Fidler v Gordon-Herricks Corp., 173 AD3d 840 [2d Dept. 2019]

“Pursuant to the doctrine of [the] law of the case, judicial determinations made during the course of . . . litigation before final judgment is entered may have preclusive effect provided that the parties had a full and fair opportunity to litigate the initial determination” (Sterngass v Town Bd. of Town of Clarkstown, 43 AD3d 1037, 1037 [2007]; accord Ruffino v Green, 72 AD3d 785, 786 [2010]). However, “[t]he doctrine . . . applies only to legal determinations that were necessarily resolved on the merits in [a] prior decision, and to the same questions presented in the same case” (Mosby v Parilla, 140 AD3d 1129, 1130-1131 [2016] [internal quotation marks omitted]; see Ramanathan v Aharon, 109 AD3d 529, 530 [2013]; Erickson v Cross Ready Mix, Inc., 98 AD3d 717, 717 [2012]).

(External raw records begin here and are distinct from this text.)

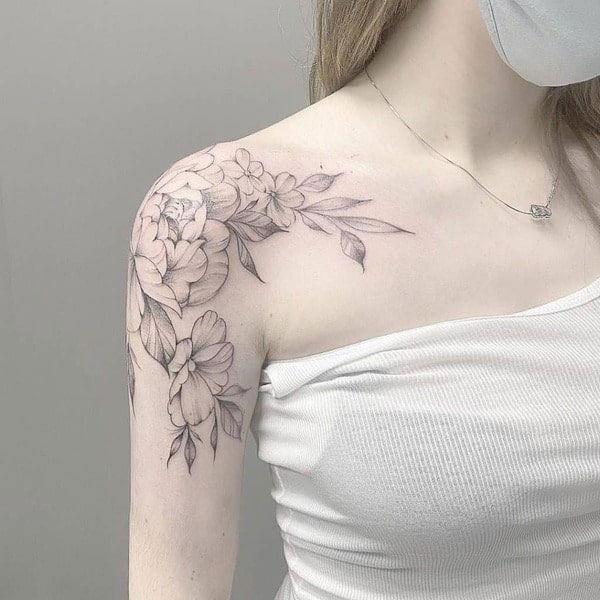 Tattoo ở vai hoa chất cho nữ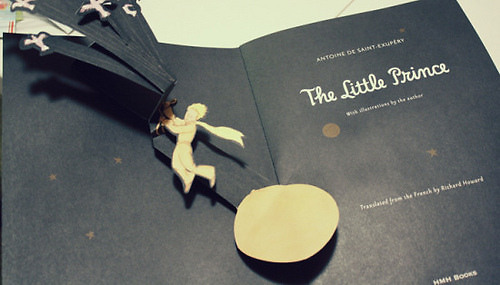 很励志的正能量说说带图片 我有孤勇一腔起于星光止于他乡1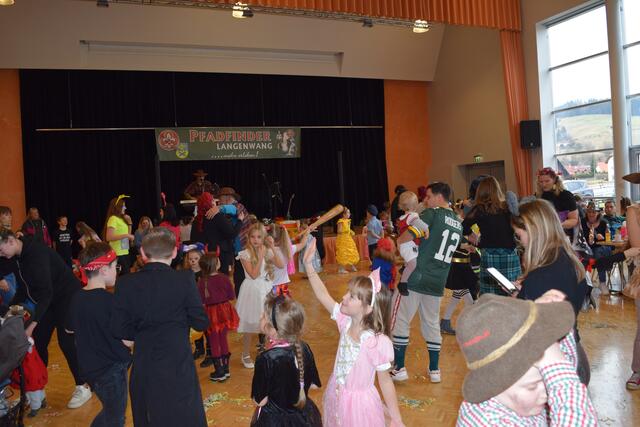 Faschingslaune im Volkshaus: Bereits zum 67. Mal ging der Kinderball der Pfadfinder Langenwang am Sonntag über die Bühne! | Foto: Selina Duran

Here, the doctrine of the law of the case is inapplicable, because the order entered July 14, 2016, reflects that summary judgment was awarded in favor of the moving defendants upon grounds that were specific to those defendants.

Landis v 383 Realty Corp., 173 AD3d 636 [2d Dept. 2019]

This action was commenced in Supreme Court and transferred to Surrogate’s Court upon the death of defendant Bunita L. Weiner. Before the transfer, plaintiff had moved for summary judgment, and Supreme Court (Barry Ostrager, J.) had denied the motion in an order entered July 31, 2017. That ruling, which plaintiff did not appeal, remained law of the case and could not be contravened by a court of coordinate jurisdiction (Grossman v Meller, 213 AD2d 221, 224 [1st Dept 1995]). Thus, the Surrogate correctly denied the instant motion for summary judgment on the ground that, as she said, “the substance of [plaintiff’s] motion was already squarely decided against him” by Supreme Court.